Penal Code 647(f) Public Intoxication in California.
Public intoxication in California is an offense under the California Penal Code Sec. 647(f) that states (in paraphrased format):
A person is intoxicated for the purposes of 647(f), if they are under the influence of alcohol or drugs to such an extent that they:
1.are unable to exercise care for your safety or the safety of others, or
2.interfere with, obstruct, or prevent others from using streets, sidewalks, or other “public ways.
The level of intoxication a person has to be at to violate Sec. 647(f) is very intoxicated. This doesn’t mean a person is tipsy, or had a few too many. Rather, someone guilty of public intoxication violating the law is so intoxicated that they are unable to function safely in a public place and place themselves or someone else in jeopardy.
Defenses to Public Intoxication in California charges.
The two most common arguments that prevail in public intoxication cases are
1. The place the person was arrested wasn’t, in fact, a public place.
Someone in their home, or in the “curtilage” of their home (such as an enclosed yard or garden) is not in a public place, as contemplated in the Penal Code.

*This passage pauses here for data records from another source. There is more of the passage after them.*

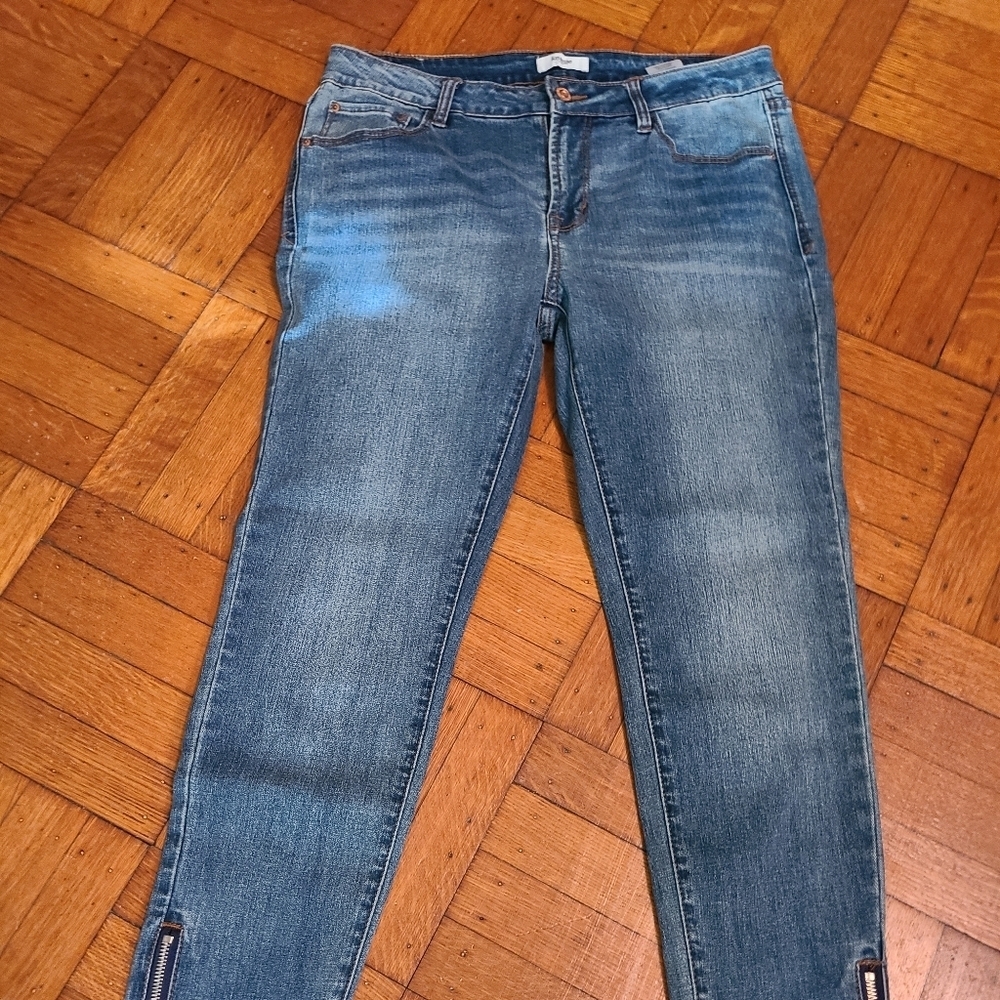 Kensie jeans, zipper on bottom of legs size 8 or 29 hp 🔥🔥🔥
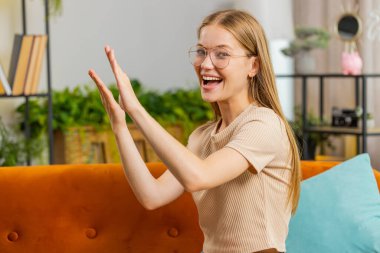 Zengin, neşeli, israf eden, etrafa para saçan, el hareketi yapan, daha fazla bahşiş veren, büyük kar getiren, piyango kazanan, vücut dili olan, paylaşan, kutlayan bir kadın. Oturma odasındaki kız.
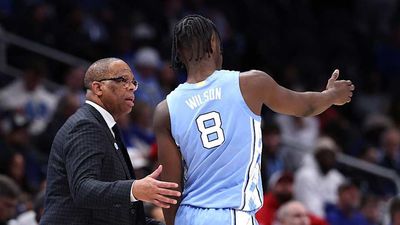 North Carolina Coach Hubert Davis Shares Latest on Caleb Wilson’s Recovery From Hand Fracture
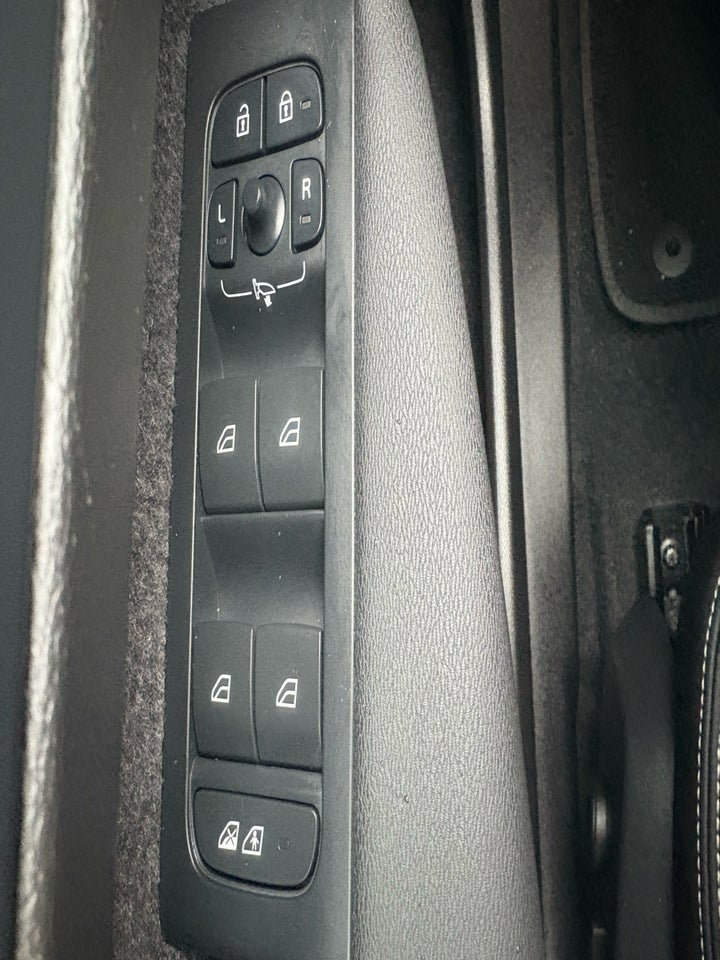 Volvo C40 ReCharge Twin Ultimate 5d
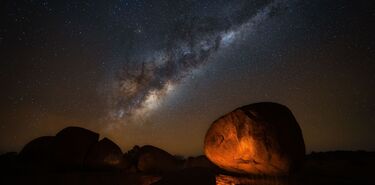 Karlu Karlu el paisaje sagrado de Australia que ahora tambin protege sus estrellas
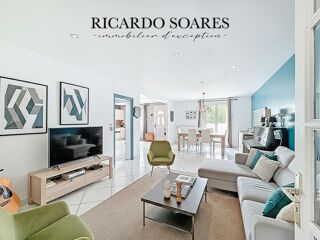  Maison à vendre 10 pièces 277 m²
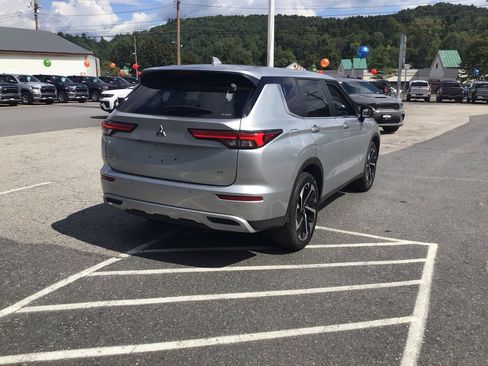 Used 2024 Mitsubishi Outlander SE Black Edition AWD/4WD image 8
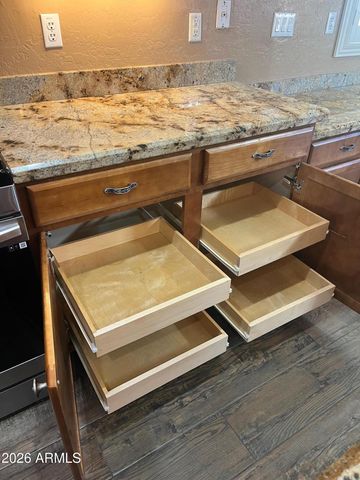 6962 W ASHBY Drive, Peoria, AZ 85383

As such, these people are not guilty of public intoxication because they truly aren’t in the public.
2. The level of intoxication of the person doesn’t reach the level of criminal public intoxication.

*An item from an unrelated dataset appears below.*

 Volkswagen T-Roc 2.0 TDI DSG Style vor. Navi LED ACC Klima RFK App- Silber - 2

To prevail in a defense arguing the defendant wasn’t at the level of intoxication to make their actions criminal, they need to consult with an expert attorney and most likely will need to consult with an expert witness familiar with the forensic science involved. The defense is pretty straightforward: the person wasn’t that drunk. The process of proving that is more complex, because of the myriad of technical and legal issues presented in order to assert that defense.